Are decentralised exchanges the future for trading?
Success of blockchain venues has implications even beyond crypto
Hayden Adams launched the decentralised crypto exchange Uniswap on November 2, 2018 by tweeting to his 200 followers and handing out home-printed T-shirts at an industry event. Three years later, spot trading on the new platform had reached the equivalent of $86 billion a day.
Decentralised exchanges such as Uniswap and the outlandishly named Sushiswap and Pancakeswap allow crypto buyers and sellers to trade at a price dictated by a protocol written on blockchain-based smart contracts.
They rely on automated market-maker algorithms to compute prices based on the relative weight of buyers and sellers in a single pool. It’s a different approach to the limit order book as used on centralised exchanges, where traders log bids and offers in a laddered hierarchy and wait to be matched.
Uniswap et al – part of the decentralised finance (aka ‘DeFi’) trend sweeping crypto – have grown fast to snap at the heels of centralised competitors such as Binance, Coinbase Exchange and FTX.
At one point, about a quarter of crypto spot trading was being done through the newer venues, data from The Block shows.
Could the upstarts, which function without central custodians, one day come to dominate? Recent research says they can – and probably will. Some even think the decentralised model will become the norm in traditional asset classes too.
The all-in transaction costs of decentralised versus centralised exchanges in crypto are roughly even, academics from the University of St Gallen and Swiss Finance Institute found. And Uniswap’s bid/ask spreads are similar or better, and more stable, than leading centralised competitors.

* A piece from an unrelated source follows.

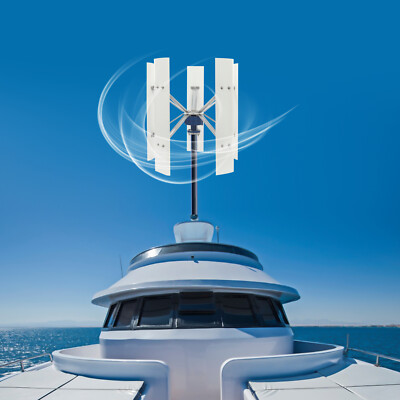 5-Blade Power  Wind Turbine Generator Vertical Axis  Wind Turbine Wind Generator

Centralised – ‘CeFi’ – venues are less vulnerable to price dislocations, it seems. Arbitrage trades are expensive on decentralised exchanges because gas fees apply at each of the multiple trading steps often needed. These fees don’t apply on a centralised hub, which operates off-chain.
Reductions in gas fees, though, together with a modest increase in trading volumes would tip the balance in favour of decentralised exchanges, the researchers estimate. And gas fees are expected to come down after the ethereum blockchain’s recent move to a proof-of-stake model.
“It’s going to be harder and harder for centralised exchanges to be profitable,” says Andrea Barbon, assistant professor of finance at the University of St Gallen. In crypto, decentralised exchanges may “take over a huge fraction of market share”, he thinks.
Of course, market participants have reasons other than cost savings to trade on more conventional venues: technical hitches can take time to fix on a decentralised protocol, for example (the process occurs through participants voting for updates).
Regulators may seek to ensure that trading stays on centralised exchanges where they can exercise control or carry out surveillance more easily.
But crypto traders are quick to adopt new practices, as shown already by the rapid advance of decentralised venues so far. “We are always looking at liquidity and [on that metric] the decentralised exchanges are coming up,” said Hugo Langéen, CEO and co-founder at Valid Alpha, a crypto hedge fund, speaking at Risk.net’s Cryptocurrency Trading Forum in September. If that continues, he said, his fund would switch more of its trading.
Crypto’s credit crisis in recent months, in which several large players in the space collapsed causing knock-on losses for others, might even spur the process. Truly decentralised parts of the infrastructure “worked perfectly” during the upheaval, argues Magnus Holm, CIO at Hilbert Capital, a systematic crypto fund.
Carol Alexander, a professor at the University of Sussex, told delegates at the conference that DeFi could potentially dominate nine-to-one in crypto in as little as two or three years.
And it might not stop there. Niclas Sandstrom, Hilbert’s CEO, says volatility in gas fees, trades getting rejected and latency remain DeFi’s weaknesses, for now. But those will all change. “We’re not there yet,” he says. “But decentralised exchanges will take over in future.”